Homem com carrinho e homem com moto nas ruas de Shenzhen, na China: país caminha em direção a um "novo normal" (Brent Lewin/Bloomberg)
João Pedro Caleiro
Publicado em 27 de agosto de 2015 às 14h40.
São Paulo - Não está sendo fácil para a China.
Tudo indica que o país deve crescer menos de 7% já em 2015, a pior taxa dos últimos 25 anos, perdendo para a Índia o posto de estrela dos BRICS.
O modelo de economia baseado em exportações e investimento definha, mas a alternativa de mais consumo interno nasce lentamente - e a transição é dura.
Os mercados estão respondendo com medo e queda do preço das commodities, o que prejudica países como o Brasil. Mas a situação está longe de ser uma catástrofe no nível de uma crise financeira - pelo menos por enquanto.
"Não há derretimento ainda. A performance dos mercados de ações tem pouca importância na economia chinesa, que está desacelerando gradualmente, mas dentro da expectativa. Em algum ponto, contração demais significa risco sistêmico para o setor financeiro, porque os bancos estão expostos em algum grau. Mas as estimativas variam sobre qual ponto é esse", dizem Philippa Jones, Charles Horne e David Kelly, diretores da consultoria China Policy.
Além do mais, a queda se segue a um boom espetacular (e claramente insustentável) do mercado de ações chinês desde o final do ano passado.
Há certamente pontos de fragilidade - como uma dívida de quase 3 vezes o tamanho do PIB. Mas o governo chinês tem cartucho para gastar - os US$ 3,6 trilhões em reservas, por exemplo. O problema é que ele nem sempre acerta o alvo.
Atitudes
Na primeira onda do crash, o governo chinês proibiu vários tipos de operações para controlar a volatilidade, gesto que saiu caro e aumentou a ansiedade.
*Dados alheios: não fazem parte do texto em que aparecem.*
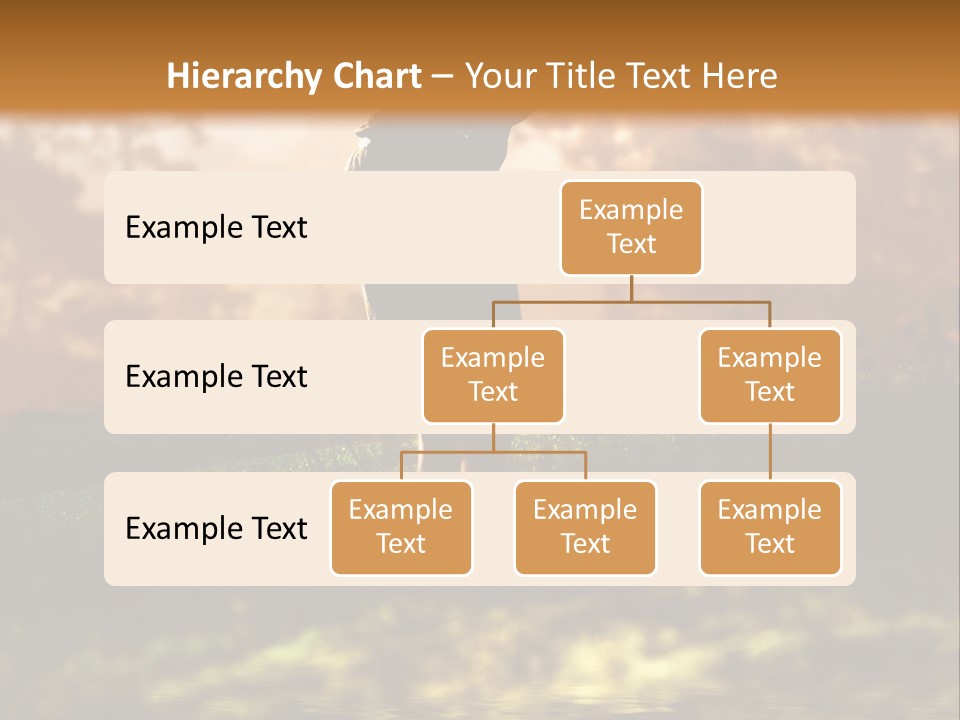 Cooling Heat Cool PowerPoint Template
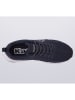 Kappa Sneakers "Yanoe" in Dunkelblau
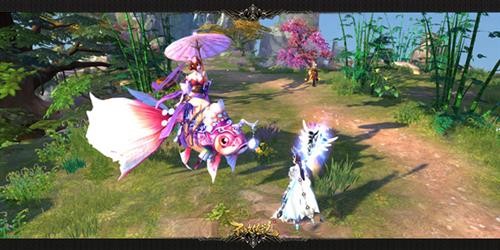 不败传说最新图片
"A China mostrou ao mundo que o mecanismo de mercado explode se você o tentar controlar demais", diz Arturo Bris, professor de Finanças da escola de negócios IMD.
Depois, a China desvalorizou o yuan para aumentar a competitividade (o que também tem seus riscos) e agora cortou novamente os juros, além de outras medidas para aumentar a liquidez, como permitir a entrada de fundos de pensão no mercado.
Para Barry Eichengreen, professor da Universidade da Califórnia em Berkeley, não adiantava mesmo tentar conter a queda artificialmente, e o foco deve ser agora em duas frentes:
"Do lado da demanda, um relaxamento monetário e fiscal modesto. Do lado da oferta, precisam continuar apertando a regulação do sistema bancário e financeiro para evitar que o relaxamento cause excessos e desequilíbrios no sistema".
O risco maior é que as dificuldades momentâneas empoderem aqueles dentro da China que estão bloqueando reformas necessárias, mas que mexem com seus interesses.
Um sinal de que isso está acontecendo aparece em um editorial reproduzido recentemente em vários veículos da mídia estatal chinesa:
"A reforma profunda toca a questão básica de reconfigurar a força vital desta economia enorme e tem o objetivo de a tornar mais saudável (...) A escala da resistência é além do que pode ser imaginado".
Caminho sem volta
Para Marcos Troyjo, diretor do BRICLab da Universidade de Columbia, a liderança chinesa sabe que deve focar no médio e longo prazo e que retroceder não é uma opção:
"A opção não é entre aquilo que se sabia como modelo que dá certo e o desconhecido. É entre as reformas e o desconhecido. Não dá pra regressar mais: a China ficou muito diferente. Se não tiver reformas, aí sim você pode levar a própria economia real a um menor vigor".
Os analistas do China Policy concordam que a turbulência momentânea pode ser um preço necessário para ganhos futuros:
"Continuar com a agenda de reformas é mais importante do que qualquer tentativa de travar a desaceleração do mercado, e isso vai provavelmente induzir algum nível de turbulência na economia real e no setor financeiro".
O Brasil tem pouco espaço para se defender desta turbulência. Em um evento nesta quarta-feira em São Paulo, o ministro de Assuntos Estratégicos Roberto Mangabeira Unger comentou o problema:
"A China tem um problema diferente do nosso: eles tem que passar de um desenvolvimento conduzido pelas exportações para um mais baseado no aprofundamento do mercado interno. Mas esta reorientação exige redistribuição entre setores, entre classes e entre regiões. É muito difícil fazer isso sem democracia e sem debate nacional".